Buggles’ Big Prog Moment
Trevor Horn will collect the Outer Limits Award as one half of early 1980s prog-synth pop duo the Buggles, at the Progressive Music Awards 2016 on Thursday (1 September).
The award, sponsored by InsideOut, recognises artists who “lurk” on the outskirts of the usual interpretation of progressive music, but whose creative output has been both progressive and influential. The annual awards will take place in London at the Underglobe, beneath the Globe Theatre.
“That’s a good way of putting it – I have skirted around prog,” Horn tells Prog magazine. “Will I be attending? Are you kidding? Yeah.
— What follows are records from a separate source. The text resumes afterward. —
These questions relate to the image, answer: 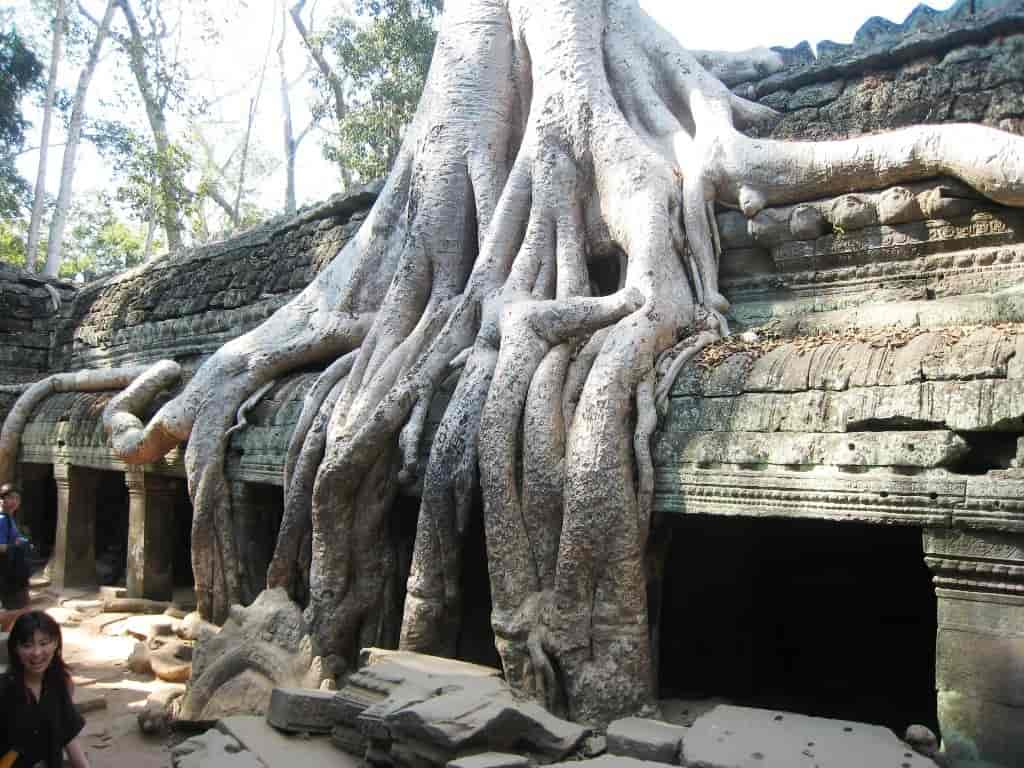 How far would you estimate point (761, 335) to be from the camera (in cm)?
421

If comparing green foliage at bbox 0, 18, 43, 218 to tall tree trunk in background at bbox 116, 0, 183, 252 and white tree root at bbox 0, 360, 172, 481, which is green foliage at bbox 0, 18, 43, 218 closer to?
tall tree trunk in background at bbox 116, 0, 183, 252

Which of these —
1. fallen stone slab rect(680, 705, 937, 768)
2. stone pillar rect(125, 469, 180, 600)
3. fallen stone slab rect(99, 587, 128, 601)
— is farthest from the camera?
fallen stone slab rect(99, 587, 128, 601)

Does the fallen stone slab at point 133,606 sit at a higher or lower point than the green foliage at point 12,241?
lower

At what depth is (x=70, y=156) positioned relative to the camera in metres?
16.1

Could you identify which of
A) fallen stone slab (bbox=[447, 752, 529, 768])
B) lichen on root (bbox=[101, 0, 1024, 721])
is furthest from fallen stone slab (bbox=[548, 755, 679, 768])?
lichen on root (bbox=[101, 0, 1024, 721])

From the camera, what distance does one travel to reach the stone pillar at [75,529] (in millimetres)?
7938

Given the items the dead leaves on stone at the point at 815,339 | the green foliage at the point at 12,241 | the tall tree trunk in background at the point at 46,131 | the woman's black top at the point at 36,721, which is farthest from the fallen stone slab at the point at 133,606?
the green foliage at the point at 12,241

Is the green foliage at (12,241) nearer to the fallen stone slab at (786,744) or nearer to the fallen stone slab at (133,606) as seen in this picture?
the fallen stone slab at (133,606)

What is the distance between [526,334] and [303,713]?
185cm

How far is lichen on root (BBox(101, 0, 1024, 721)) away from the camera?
11.9 ft

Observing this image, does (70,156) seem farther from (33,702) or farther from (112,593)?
(33,702)

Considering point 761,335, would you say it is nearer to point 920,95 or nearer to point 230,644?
point 920,95

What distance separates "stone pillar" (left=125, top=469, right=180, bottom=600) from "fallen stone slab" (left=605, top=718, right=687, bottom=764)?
4.94 m

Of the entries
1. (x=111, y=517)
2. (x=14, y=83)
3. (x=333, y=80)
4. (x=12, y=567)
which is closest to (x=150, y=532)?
(x=12, y=567) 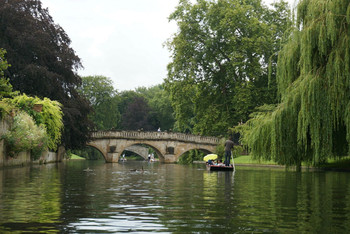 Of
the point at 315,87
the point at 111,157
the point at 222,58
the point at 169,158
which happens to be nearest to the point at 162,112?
the point at 169,158

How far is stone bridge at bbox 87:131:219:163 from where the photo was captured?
50263mm

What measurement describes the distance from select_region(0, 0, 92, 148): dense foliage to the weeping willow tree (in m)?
17.7

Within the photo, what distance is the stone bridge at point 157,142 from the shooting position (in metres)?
50.3

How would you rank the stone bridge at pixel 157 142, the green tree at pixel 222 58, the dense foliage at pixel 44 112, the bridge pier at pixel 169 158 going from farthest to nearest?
1. the bridge pier at pixel 169 158
2. the stone bridge at pixel 157 142
3. the green tree at pixel 222 58
4. the dense foliage at pixel 44 112

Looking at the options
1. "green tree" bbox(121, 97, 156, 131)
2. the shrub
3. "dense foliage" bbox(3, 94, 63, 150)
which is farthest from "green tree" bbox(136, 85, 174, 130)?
the shrub

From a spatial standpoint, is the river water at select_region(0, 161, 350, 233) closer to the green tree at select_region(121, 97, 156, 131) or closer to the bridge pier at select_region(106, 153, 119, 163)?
the bridge pier at select_region(106, 153, 119, 163)

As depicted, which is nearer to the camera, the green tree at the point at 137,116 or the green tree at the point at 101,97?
the green tree at the point at 101,97

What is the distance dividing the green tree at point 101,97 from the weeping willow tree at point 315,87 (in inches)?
2366

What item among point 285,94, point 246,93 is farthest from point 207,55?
point 285,94

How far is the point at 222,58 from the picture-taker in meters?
44.8

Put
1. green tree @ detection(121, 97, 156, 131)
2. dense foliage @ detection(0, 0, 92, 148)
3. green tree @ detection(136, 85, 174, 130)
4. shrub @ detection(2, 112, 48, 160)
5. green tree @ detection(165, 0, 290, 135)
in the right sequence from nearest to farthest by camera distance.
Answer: shrub @ detection(2, 112, 48, 160) < dense foliage @ detection(0, 0, 92, 148) < green tree @ detection(165, 0, 290, 135) < green tree @ detection(136, 85, 174, 130) < green tree @ detection(121, 97, 156, 131)

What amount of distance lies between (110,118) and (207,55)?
39.2m

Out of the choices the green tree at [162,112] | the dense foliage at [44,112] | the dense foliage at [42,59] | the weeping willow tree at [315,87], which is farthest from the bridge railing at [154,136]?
the green tree at [162,112]

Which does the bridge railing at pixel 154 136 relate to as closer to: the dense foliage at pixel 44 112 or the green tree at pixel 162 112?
the dense foliage at pixel 44 112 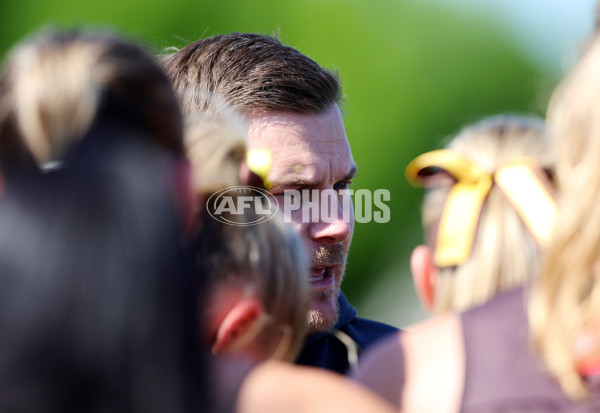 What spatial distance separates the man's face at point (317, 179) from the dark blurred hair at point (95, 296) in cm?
156

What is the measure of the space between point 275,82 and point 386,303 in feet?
22.1

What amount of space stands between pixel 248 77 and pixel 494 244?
149 cm

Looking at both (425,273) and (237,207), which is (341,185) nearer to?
(425,273)

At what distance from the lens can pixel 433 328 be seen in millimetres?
1464

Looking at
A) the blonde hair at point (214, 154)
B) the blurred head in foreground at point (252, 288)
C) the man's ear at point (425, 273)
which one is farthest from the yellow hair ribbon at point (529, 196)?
the blonde hair at point (214, 154)

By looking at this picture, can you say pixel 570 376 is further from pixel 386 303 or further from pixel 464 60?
pixel 464 60

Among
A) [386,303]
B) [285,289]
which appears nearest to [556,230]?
[285,289]

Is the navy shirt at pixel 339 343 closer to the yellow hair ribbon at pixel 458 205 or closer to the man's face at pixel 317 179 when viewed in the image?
the man's face at pixel 317 179

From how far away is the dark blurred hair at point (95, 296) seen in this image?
1.12 meters

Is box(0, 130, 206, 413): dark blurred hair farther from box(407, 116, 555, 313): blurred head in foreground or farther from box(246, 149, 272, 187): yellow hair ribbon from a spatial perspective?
box(246, 149, 272, 187): yellow hair ribbon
It’s not every day you get a Prog Award!”
Horn and his Buggles colleague Geoff Downes soared to international fame in 1979 with their groundbreaking debut single for Island, ‘Video Killed The Radio Star.’ The song topped the charts in the UK, in much of Europe and in Australia, selling more than a million copies in France alone and famously becoming the first video to be aired on MTV when it launched in the US in 1981.
Buggles went on to reach the UK top 20 with ‘Living In The Plastic Age’ and the top 40 with ‘Clean Clean,’ and released two albums that have become increasingly well-regarded in wider progressive rock circles, 1980’s The Age Of Plastic and Adventures In Modern Recording the following year.
Horn then developed his huge, wide-ranging and ongoing success as a producer, while Downes, after a short spell with Yes, became a member of multi-million-selling band Asia. He has been a member of Yes again since 2006. The duo’s predecessors as winners of the Outer Limits award include Roy Wood and Uriah Heep.